3.3 Ontheffing van de bouwregels
Burgemeester en Wethouders kunnen, mits geen onevenredige aantasting plaatsvindt van:
-
-
het ruimtelijk beeld;
-
de gebruiksmogelijkheden van aangrenzende gronden;
-
de verkeersveiligheid,
-
ontheffing verlenen van het bepaalde in lid 2, sub a, onder 4 tot een goothoogte van niet meer dan 6 m.
3.4 Specifieke gebruiksregels
Onder verboden gebruik als bedoeld in artikel 7.10 van de Wro wordt in ieder geval aangemerkt permanente bewoning van recreatiewoonverblijven.
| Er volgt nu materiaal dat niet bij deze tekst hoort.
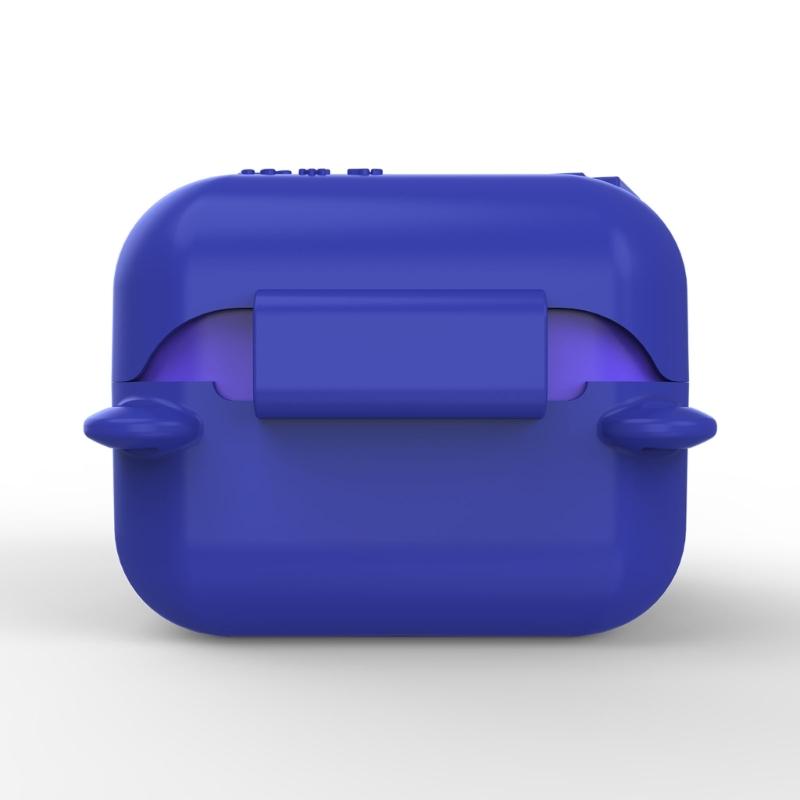 Silicone Cover Protector Sleeve for Digital Pet Interactive Virtual Toy Waterproof Skin Flexible Sleeve Portable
3.5 Ontheffing van de gebruiksregels
Burgemeester en Wethouders kunnen, mits geen onevenredige aantasting plaatsvindt van:
-
het ruimtelijk beeld;
-
de gebruiksmogelijkheden van de aangrenzende gronden;
-
de milieuhygiënische situatie;
-
de verkeersveiligheid,
vrijstelling verlenen van het bepaalde in lid 3.1 en artikel 7.10 Wro. ten behoeve van de volgende nevenactiviteiten:
-
paardenhouderij;
-
aan-huis-verbonden beroepen en bedrijven;
-
niet-agrarische bedrijvigheid, mits:
- de bedrijven zijn opgenomen in categorie 1 of 2 de Staat van Bedrijven die als bijlage 1 bij deze regels is opgenomen;
- de bedrijven geen grote verkeersaantrekkende werking hebben;
- de bedrijvigheid niet gepaard gaat met opslag en/of stalling buiten bedrijfsgebouwen;
-
bêd & brochje;
-
stalling en/of opslag van vaartuigen of kampeermiddelen;
-
boerderijwinkel ten behoeve van verkoop van “streekproducten” met een netto verkoopvloeroppervlakte van ten hoogste 100 m²;
-
groepsaccommodatie;
-
theeschenkerij;
-
ontvangstruimten ten behoeve van maatschappelijke, zorg- en/of recreatieve activiteiten,
met dien verstande dat:
-
voornoemde activiteiten uitsluitend zijn toegestaan als nevenactiviteit bij een agrarisch bedrijf;
-
de nevenactiviteiten uitsluitend zijn toegestaan in bestaande bedrijfsgebouwen, niet zijnde kassen, en bedrijfswoningen;
-
ten hoogste 1/3 deel van bedrijfsgebouwen, niet zijnde kassen, en bedrijfswoningen voor de voornoemde nevenactiviteiten mogen worden gebruikt.
3.6 Sloopvergunning
-
Het is verboden zonder of in afwijking van een vergunning van Burgemeester en wethouders ter plaatse van de aanduiding “karakteristiek” de volgende werken en werkzaamheden uit te voeren:
1. het slopen van gebouwen en bouwwerken.
-
Het onder a vervatte verbod is niet van toepassing op werken en werkzaamheden:
1. die het normale onderhoud en/of de normale exploitatie betreffen;
2. die al in uitvoering zijn of krachtens een verleende vergunning al mogen worden uitgevoerd op het tijdstip van het van kracht worden van dit plan.
-
Een sloopvergunning wordt alleen verleend indien ofwel aannemelijk is gemaakt dat herbouw in dezelfde of een ter plaatse passende nieuwe karakteristiek zal plaatsvinden, dan wel indien er, naar het oordeel van Burgemeester en wethouders, geen mogelijkheid is om verval van het karakteristieke bouwwerk tegen te gaan.